Brian De Palma
- Cliff Robertson as Michael Courtland
- Geneviève Bujold as Elizabeth Courtland/Sandra Portinari
- John Lithgow as Robert Lasalle
An unearthly and mysterious homage to Alfred Hitchcock’s Vertigo, Obsession comes courtesy of Brian De Palma and displays him at some of his most overwrought and haunting. Complete with a spellbinding score and slowly more twisted story, Obsession has a lot in it that won’t leave your mind in a hurry.
Michael Courtland is a wealthy real estate developer in New Orleans with a great business, along with a beautiful wife Elizabeth and daughter Amy. Then out of nowhere to destroy this idyllic life, Elizabeth and Amy are kidnapped by criminals, who demand a very high ransom for their release. Going to the police and desperately trying to get his family back, Michael agrees to a rescue mission that looks like it could be successful. The plan is to take a briefcase to the drop point with fake money and a tracking device implanted, thereby leading the police and Michael to the whereabouts of his captured family. Unfortunately, the attempt to retrieve Elizabeth and Amy goes horribly wrong and after a lengthy chase, the kidnappers along with Elizabeth and her daughter die after their car crashes into the river. Over a decade later, Michael is still haunted by the loss of his family and totally obsessed with the memory of them. On a business trip to Florence with colleague and best friend Robert Lasalle, Michael visits an old church where he and Elizabeth first met. To his surprise he comes across Sandra Portinari, an art historian who is the mirror image of Elizabeth. Although completely at a loss as to why Sandra looks so much like his late wife but seeing that this could be a second chance, Michael gets completely infatuated by Sandra. The sprightly and effervescent Sandra returns the favour and the two fall quickly in love, though it is very obvious that Michael wants to recapture something that he had with Elizabeth through Sandra. Though Robert is concerned for his friend as he finds the whole thing very uncanny and worrying, Michael goes ahead and brings Sandra over to New Orleans with plans to marry her. But Sandra quickly grows fascinated by Elizabeth and begins acting odd, as if something about her predecessor is behind it. It looks as though history may well repeat itself with more fatal incidents, just as Michael believes he’s been given another shot at life. What follows is something that you will most definitely not be expecting.
Brian De Palma revels in channeling Hitchcock for this film, and does a pretty commendable job at emulating him. The devil is in the detail and the archness of De Palma’s approach, which genuinely makes for good viewing in this most twisted mystery. It can be said that Obsession gets a bit overly clever at times and has maybe one twist too many in its bag of tricks, but regardless of that it is a very compelling mystery thriller. The sprinkling of an atypical romance that eventually becomes disturbing allows the film to be one that is sure to reap benefits of repeat viewing. The screenplay from Paul Schrader is purposefully mysterious and knows exactly when to keep its cards close its chest.
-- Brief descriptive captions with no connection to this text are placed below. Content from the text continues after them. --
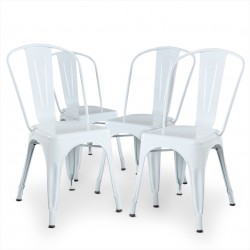 Silla Tolix Mio Blanco Mate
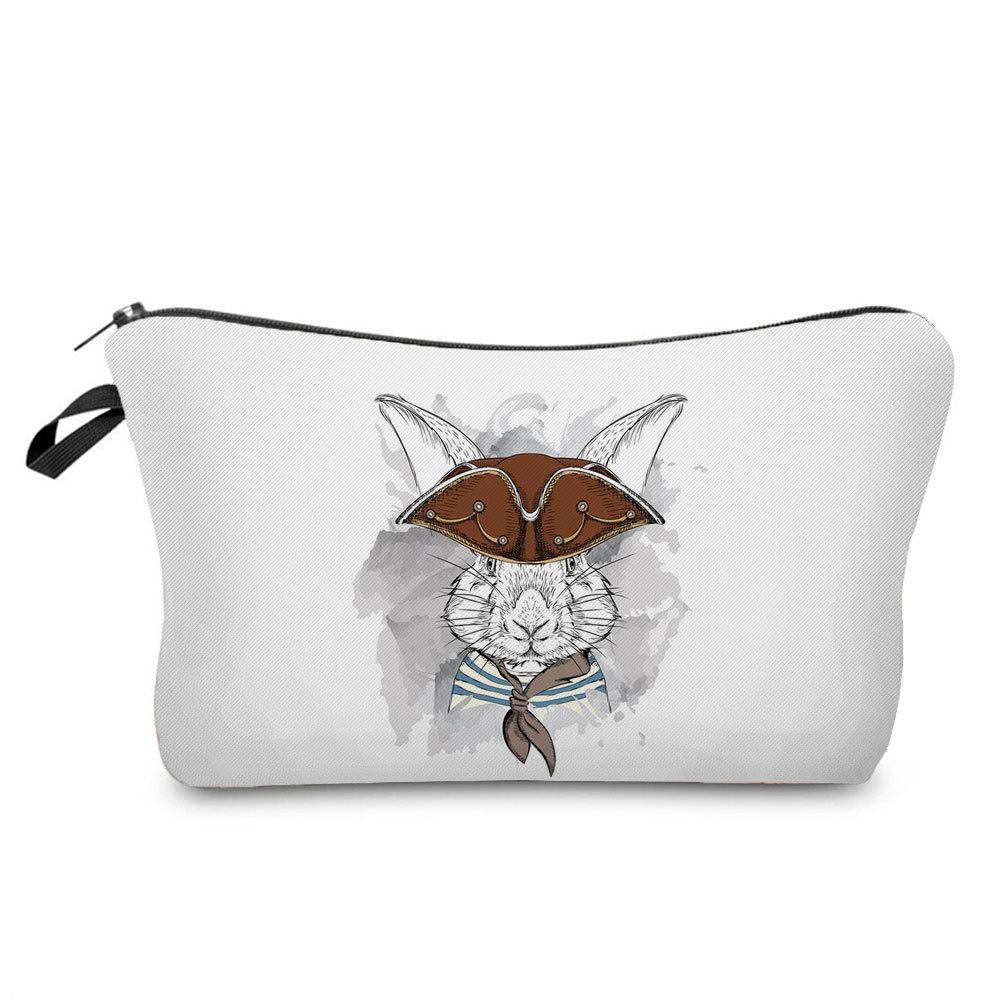 Women Dog Print Cosmetic Bag Toiletries Organize Travel Storage Case  6402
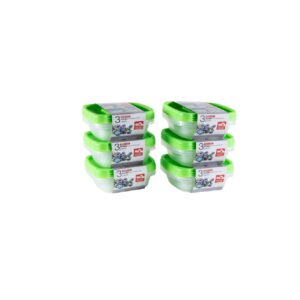 סט 3 קופסאות מרובעות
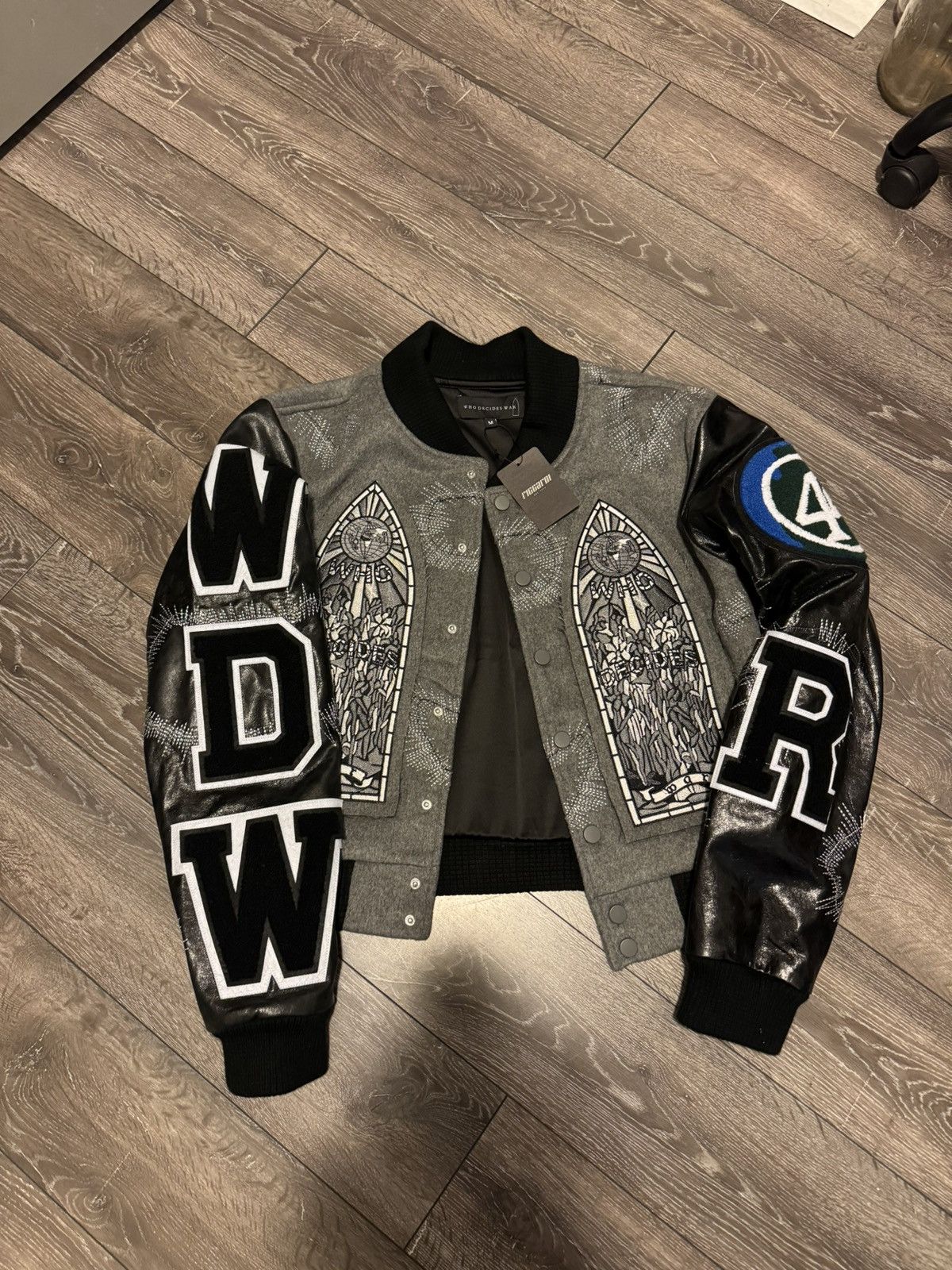 image of Who Decides War X Riccardi in Grey, Men's (Size Medium)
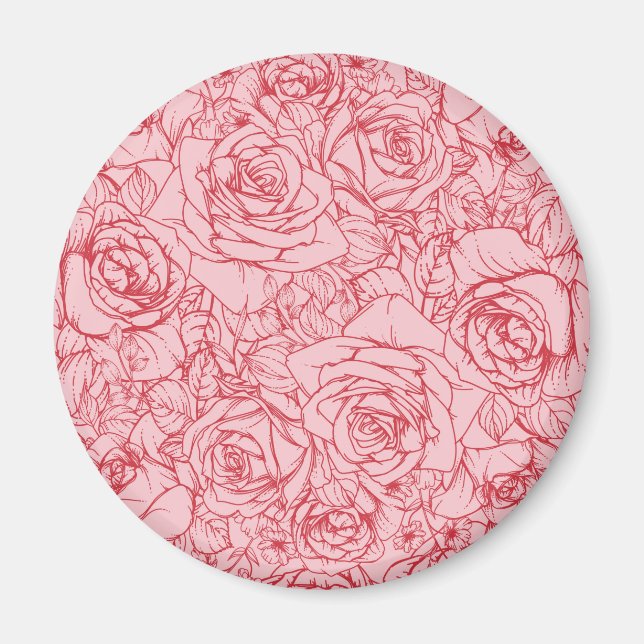 Íman Padrão de Flores 14 (Frente)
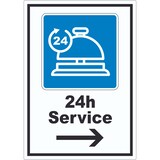 thumbnail of 24H Service Aufkleber mit Pfeil rechts A0 (841x1189mm)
And even when it goes overboard, the largely visual story is there to bolster things in an exquisite way. Almost everything in Obsession is shot through a shimmering filter that renders events in a fantasy and otherworldly aura from the very start, for a mystical experience that is not what it always seems. The employing of this form in the cinematography and direction of De Palma is sumptuous and extremely captivating, with nary a frame wasted to paint its unnatural and spooky on a large canvas. Many scenes are free of dialogue which gorgeously lets us fill the blanks in and allows the visuals that abound to weave this particularly dark story, which has a romance in it that takes on another connotation as the rug is pulled from under you. The use of Bernard Herrmann to score the film further evokes Hitchcock, as Hermann scored some of the Master’s best films. Here he imbues things with a deep choral angle that sounds like a returning vessel to the world of reality, while accentuating the hypnotic impact Sandra takes over Michael and later the presence of Elizabeth on Sandra herself. The score is ever-present in the film and it would simply bot have half the impact it does without the mournful yet eerily romantic music from Hermann.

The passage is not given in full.